This thread has been locked.

If you have a related question, please click the "Ask a related question" button in the top right corner. The newly created question will be automatically linked to this question.
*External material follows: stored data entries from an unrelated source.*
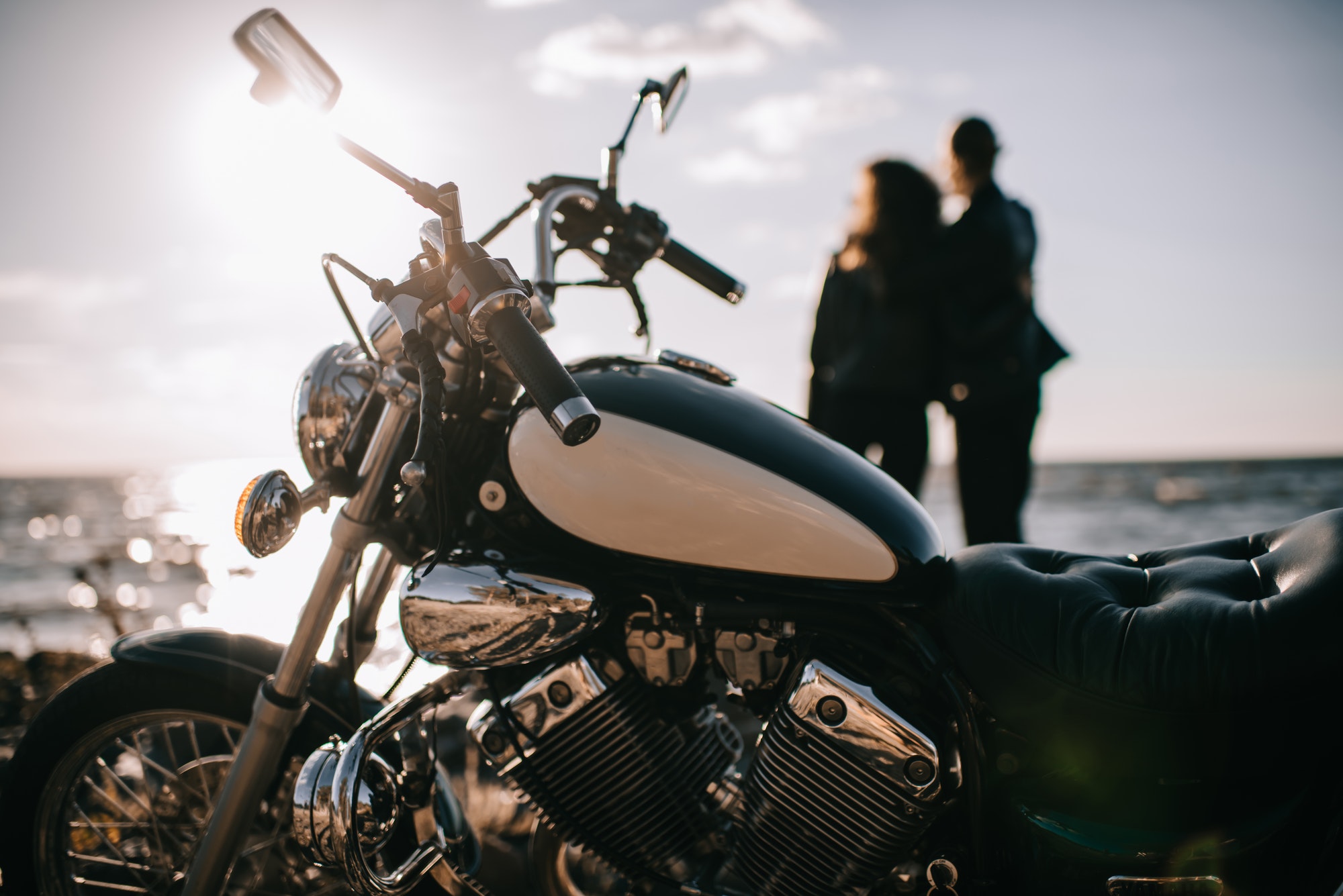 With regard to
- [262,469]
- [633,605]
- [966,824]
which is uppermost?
[262,469]

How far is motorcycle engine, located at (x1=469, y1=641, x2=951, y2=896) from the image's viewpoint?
1.22m

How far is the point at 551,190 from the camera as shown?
5.01 feet

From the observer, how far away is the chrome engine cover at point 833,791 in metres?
Result: 1.20

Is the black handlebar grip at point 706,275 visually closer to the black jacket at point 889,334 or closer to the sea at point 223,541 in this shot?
the sea at point 223,541

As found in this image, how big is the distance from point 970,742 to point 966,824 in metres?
0.14

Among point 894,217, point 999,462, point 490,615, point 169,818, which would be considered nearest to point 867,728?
point 490,615

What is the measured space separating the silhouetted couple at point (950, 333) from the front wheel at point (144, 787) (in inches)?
85.5

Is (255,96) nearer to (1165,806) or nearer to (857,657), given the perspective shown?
→ (857,657)

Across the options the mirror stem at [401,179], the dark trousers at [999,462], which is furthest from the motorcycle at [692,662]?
the dark trousers at [999,462]

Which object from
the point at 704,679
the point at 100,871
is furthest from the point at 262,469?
the point at 100,871

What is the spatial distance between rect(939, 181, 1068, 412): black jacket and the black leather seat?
59.9 inches

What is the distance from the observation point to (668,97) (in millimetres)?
1601

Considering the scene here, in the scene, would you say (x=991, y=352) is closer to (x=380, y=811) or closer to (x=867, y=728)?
(x=867, y=728)

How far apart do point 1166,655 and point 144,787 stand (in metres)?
1.96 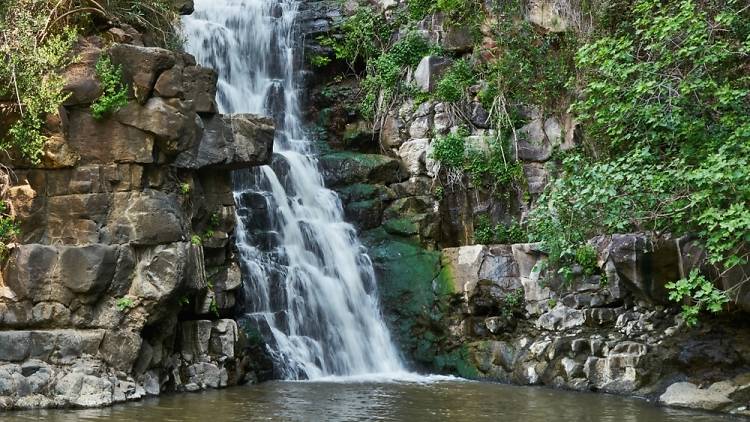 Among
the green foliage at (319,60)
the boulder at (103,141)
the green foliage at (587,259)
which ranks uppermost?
the green foliage at (319,60)

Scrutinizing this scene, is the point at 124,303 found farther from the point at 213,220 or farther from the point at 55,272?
the point at 213,220

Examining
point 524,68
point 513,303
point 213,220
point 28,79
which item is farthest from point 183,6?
point 513,303

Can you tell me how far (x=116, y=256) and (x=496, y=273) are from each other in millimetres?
7838

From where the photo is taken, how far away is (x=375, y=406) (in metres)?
12.7

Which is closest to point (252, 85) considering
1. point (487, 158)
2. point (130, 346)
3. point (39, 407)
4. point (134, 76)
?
point (487, 158)

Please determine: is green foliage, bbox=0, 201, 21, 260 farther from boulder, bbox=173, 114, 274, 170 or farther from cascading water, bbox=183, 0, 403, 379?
cascading water, bbox=183, 0, 403, 379

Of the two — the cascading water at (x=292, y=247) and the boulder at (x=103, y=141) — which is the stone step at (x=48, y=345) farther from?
the cascading water at (x=292, y=247)

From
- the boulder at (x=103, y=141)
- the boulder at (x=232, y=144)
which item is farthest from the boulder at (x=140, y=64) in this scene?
the boulder at (x=232, y=144)

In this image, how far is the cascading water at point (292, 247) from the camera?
16.7 m

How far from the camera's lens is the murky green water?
11680 mm

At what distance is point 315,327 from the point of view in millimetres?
16938

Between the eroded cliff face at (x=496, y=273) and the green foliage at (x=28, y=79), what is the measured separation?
7742 mm

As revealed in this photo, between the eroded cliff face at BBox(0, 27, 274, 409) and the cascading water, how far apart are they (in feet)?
5.41

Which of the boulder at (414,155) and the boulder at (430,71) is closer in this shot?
the boulder at (414,155) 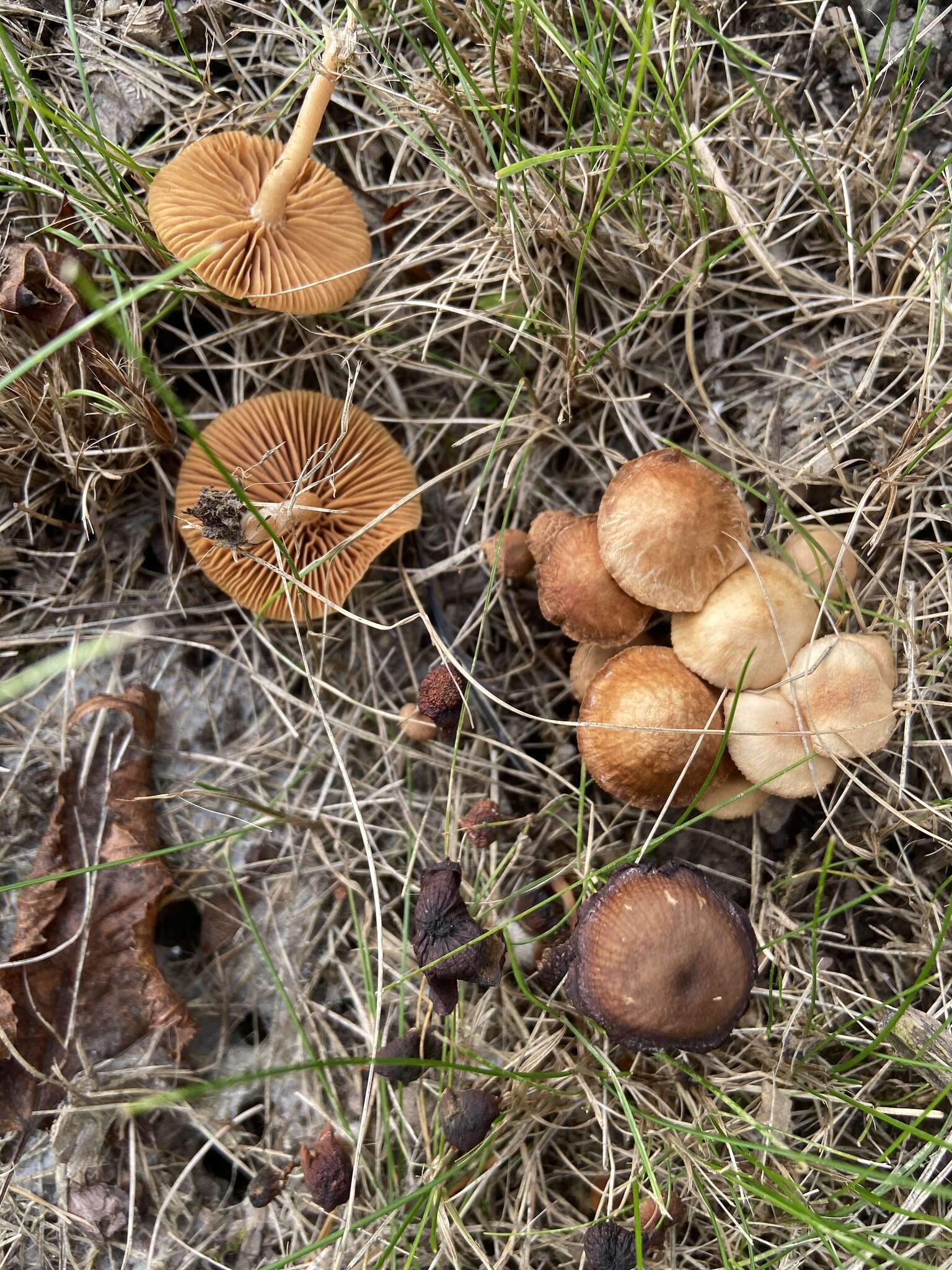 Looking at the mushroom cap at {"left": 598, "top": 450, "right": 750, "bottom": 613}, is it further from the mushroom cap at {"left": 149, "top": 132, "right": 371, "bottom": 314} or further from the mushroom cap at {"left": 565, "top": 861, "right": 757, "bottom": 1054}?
the mushroom cap at {"left": 149, "top": 132, "right": 371, "bottom": 314}

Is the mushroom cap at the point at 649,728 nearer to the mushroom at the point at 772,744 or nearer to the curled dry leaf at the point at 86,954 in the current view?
the mushroom at the point at 772,744

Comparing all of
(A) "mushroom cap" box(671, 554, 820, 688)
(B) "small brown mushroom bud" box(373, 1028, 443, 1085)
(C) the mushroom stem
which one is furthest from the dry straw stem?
(C) the mushroom stem

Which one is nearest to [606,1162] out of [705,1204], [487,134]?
[705,1204]

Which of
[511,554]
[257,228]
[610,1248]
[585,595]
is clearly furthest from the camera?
[511,554]

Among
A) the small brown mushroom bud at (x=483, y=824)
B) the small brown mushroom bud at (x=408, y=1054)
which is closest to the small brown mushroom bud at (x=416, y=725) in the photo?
the small brown mushroom bud at (x=483, y=824)

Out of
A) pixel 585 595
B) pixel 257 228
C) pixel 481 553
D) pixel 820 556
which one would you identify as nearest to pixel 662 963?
pixel 585 595

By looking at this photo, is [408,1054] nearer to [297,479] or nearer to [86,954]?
[86,954]

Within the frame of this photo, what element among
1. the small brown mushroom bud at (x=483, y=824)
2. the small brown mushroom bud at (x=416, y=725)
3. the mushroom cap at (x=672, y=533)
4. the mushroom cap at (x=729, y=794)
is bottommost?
the small brown mushroom bud at (x=483, y=824) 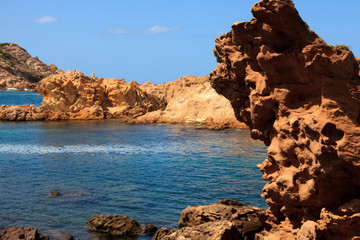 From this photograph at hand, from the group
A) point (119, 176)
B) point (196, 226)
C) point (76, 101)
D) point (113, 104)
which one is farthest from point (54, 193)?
point (113, 104)

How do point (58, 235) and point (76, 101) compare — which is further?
point (76, 101)

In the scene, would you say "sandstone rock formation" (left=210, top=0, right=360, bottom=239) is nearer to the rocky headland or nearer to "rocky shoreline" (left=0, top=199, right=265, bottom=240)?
"rocky shoreline" (left=0, top=199, right=265, bottom=240)

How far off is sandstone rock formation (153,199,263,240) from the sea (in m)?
2.37

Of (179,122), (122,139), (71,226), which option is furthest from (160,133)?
(71,226)

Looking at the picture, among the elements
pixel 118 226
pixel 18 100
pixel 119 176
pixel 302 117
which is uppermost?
pixel 18 100

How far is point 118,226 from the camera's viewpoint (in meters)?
18.9

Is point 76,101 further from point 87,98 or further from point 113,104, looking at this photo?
point 113,104

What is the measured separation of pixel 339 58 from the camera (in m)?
10.5

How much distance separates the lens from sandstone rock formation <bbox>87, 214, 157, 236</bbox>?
61.3ft

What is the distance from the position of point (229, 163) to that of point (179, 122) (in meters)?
40.4

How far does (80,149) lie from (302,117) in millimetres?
39475

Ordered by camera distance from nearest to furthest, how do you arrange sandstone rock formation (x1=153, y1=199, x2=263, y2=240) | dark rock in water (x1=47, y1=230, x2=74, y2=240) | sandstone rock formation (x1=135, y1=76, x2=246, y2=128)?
sandstone rock formation (x1=153, y1=199, x2=263, y2=240)
dark rock in water (x1=47, y1=230, x2=74, y2=240)
sandstone rock formation (x1=135, y1=76, x2=246, y2=128)

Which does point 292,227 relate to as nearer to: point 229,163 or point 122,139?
point 229,163

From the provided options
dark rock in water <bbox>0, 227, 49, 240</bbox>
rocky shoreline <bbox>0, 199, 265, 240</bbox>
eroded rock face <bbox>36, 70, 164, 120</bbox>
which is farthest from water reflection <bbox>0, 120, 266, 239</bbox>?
eroded rock face <bbox>36, 70, 164, 120</bbox>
Compiler/TDA2PXEVM: [EVE_SW] VCOP calculation result is not reflected

Part Number: TDA2PXEVM

Tool/software: TI C/C++ Compiler

Hello TI-san,

I am trying to run the following VCOP kernel code:

---

void vcop_kernel
(
__vptr_uint8 in_ptr,
__vptr_uint32 optr0_Y_ptr,
__vptr_uint32 optr1_Y_ptr,
__vptr_uint16 optr2_Y_ptr,
__vptr_uint16 wptr_C,
unsigned short in1_num,
unsigned short in0_num_vld,
unsigned short in1_num_vld
)
{
__agen Addrc;
__vector Vidxi10, Vc16, Vc8;

Addrc = 0;

Vc16 = 16;
Vc8 = 8;
Vidxi10 = wptr_C[Addrc];

for (int I0 = 0; I0 < 8; I0++)
{
__agen Addr2;
__vector Vidxoff, Vnum0, Vnum1, Vivld, Vidx0;

Addr2 = I0 * sizeof(*optr2_Y_ptr);

Vidxoff = -8;
Vnum0 = in0_num_vld;
Vnum1 = in1_num_vld;
Vivld = 0xFFFFFFFF;

Vidx0 = optr2_Y_ptr[Addr2].onept();

for (int I1 = 0; I1 < in1_num/VCOP_SIMD_WIDTH; I1++)
{
__agen Addri, Addr0, Addr1;
__vector Vin0, Vcur0, Vmin1st0, Vmin2nd0, Vidx10, Vflag0, Vflag10;

Addri = (I0 * sizeof(*in_ptr) * 512) + (I1 * sizeof(*in_ptr) * VCOP_SIMD_WIDTH);

Addr0 = (I1 * sizeof(*optr0_Y_ptr) * VCOP_SIMD_WIDTH);
Addr1 = (I1 * sizeof(*optr1_Y_ptr) * VCOP_SIMD_WIDTH);

Vin0 = in_ptr[Addri];

Vmin1st0 = optr0_Y_ptr[Addr0];
Vmin2nd0 = optr1_Y_ptr[Addr1];

Vidxoff += Vc8;

Vcur0 = Vidx0;
Vcur0 |= Vin0 << Vc16; // (Vin0 << 16) | Vidx0

Vidx10 = Vidxoff + Vidxi10;

Vflag0 = (Vidx0 >= Vnum0);
Vflag10 = (Vidx10 >= Vnum1);
Vflag10 = Vflag10 | Vflag0;

Vcur0 = select(Vflag10, Vivld, Vcur0);

(Vmin1st0, Vcur0).minmax();
(Vmin2nd0, Vcur0).minmax();

optr0_Y_ptr[Addr0] = Vmin1st0;
optr1_Y_ptr[Addr1] = Vmin2nd0;
}

}

for (int I0 = 0; I0 < 1; I0++)
{
__agen Addr2;
__vector Vidx0, Vc;

Addr2 = I0;

Vidx0 = optr2_Y_ptr[Addr2];
Vc = 8;

Vidx0 += Vc;

optr2_Y_ptr[Addr2] = Vidx0;
}
}

---

However, this kernel code often produces incorrect results for the outputs "optr0_Y_ptr" and "optr1_Y_ptr" when "in1_num" is small (ex.16,32).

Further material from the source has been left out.